» TASK PROMPT:
Return the lines that run from the line containing "Nourish Organic Marketplace" through the end of the entries, both ends included. Leave out all pictures.

☆ ☆ ☆ ☆ ☆ ☆ ☆

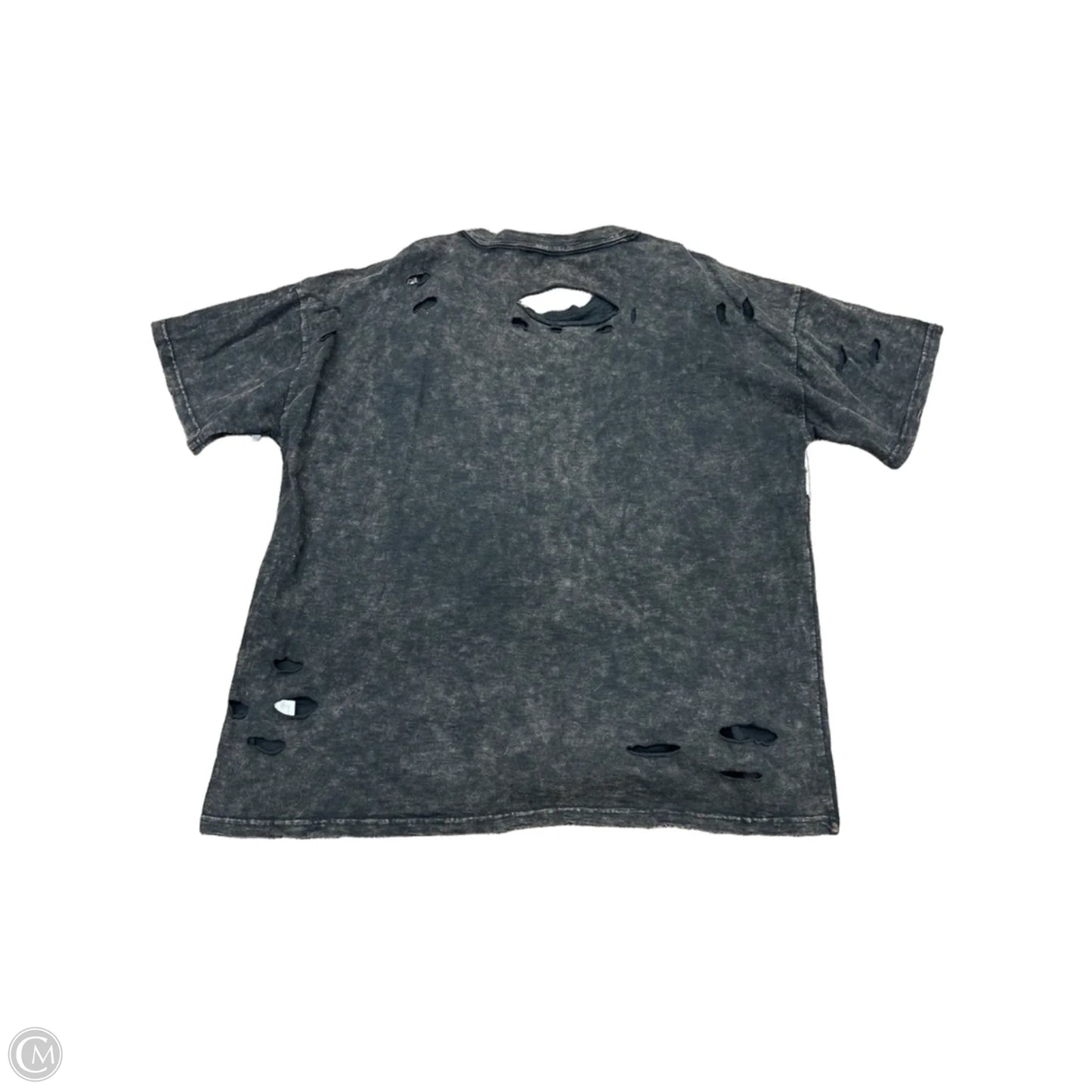 Tunic Short Sleeve By Oli & Hali In Brown, Size: Xl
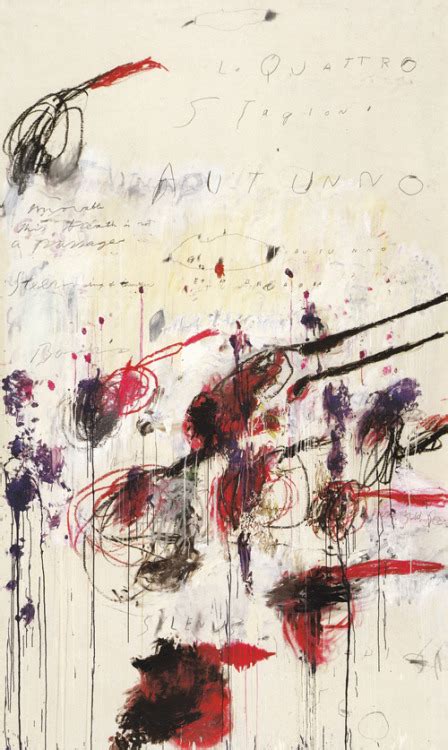 Wearable Art The Artist Cy Twombly Died On Tuesday At The Age
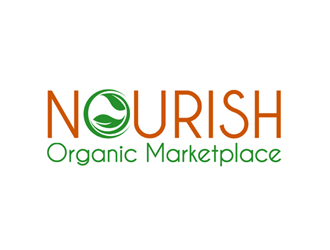Nourish Organic Marketplace logo design by ingepro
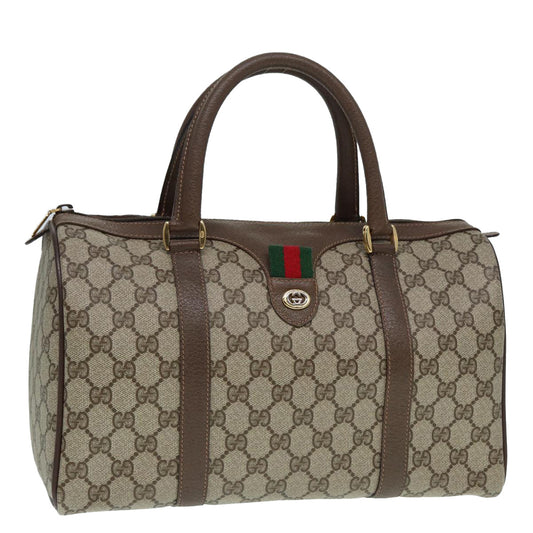 Gucci Leather Canvas Handbag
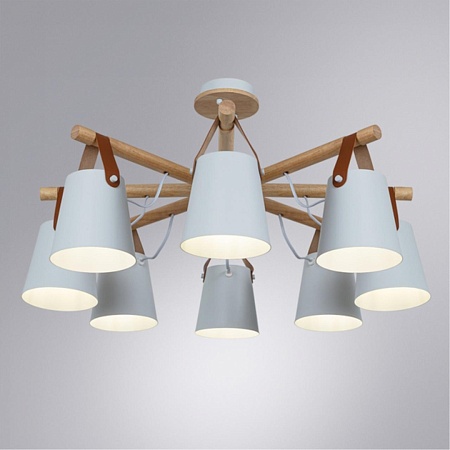 Потолочная люстра Arte Lamp THOMAS A7032PL-8WH - фото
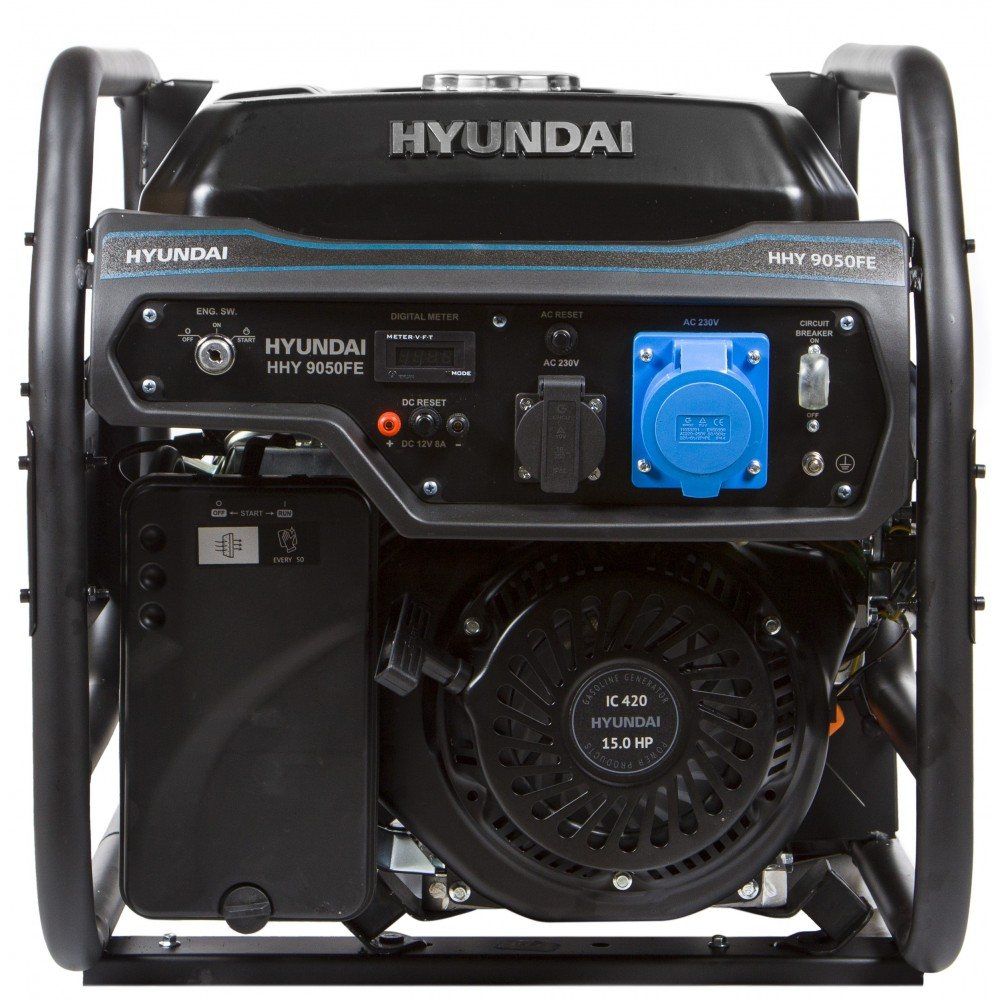 Генератор бензиновий Hyundai HHY 9050FE — фото 2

☆ ☆ ☆ ☆ ☆ ☆ ☆

» SOLUTION TO THIS EXERCISE:
Nourish Organic Marketplace logo design by ingepro
 Gucci Leather Canvas Handbag
 Потолочная люстра Arte Lamp THOMAS A7032PL-8WH - фото
 Генератор бензиновий Hyundai HHY 9050FE — фото 2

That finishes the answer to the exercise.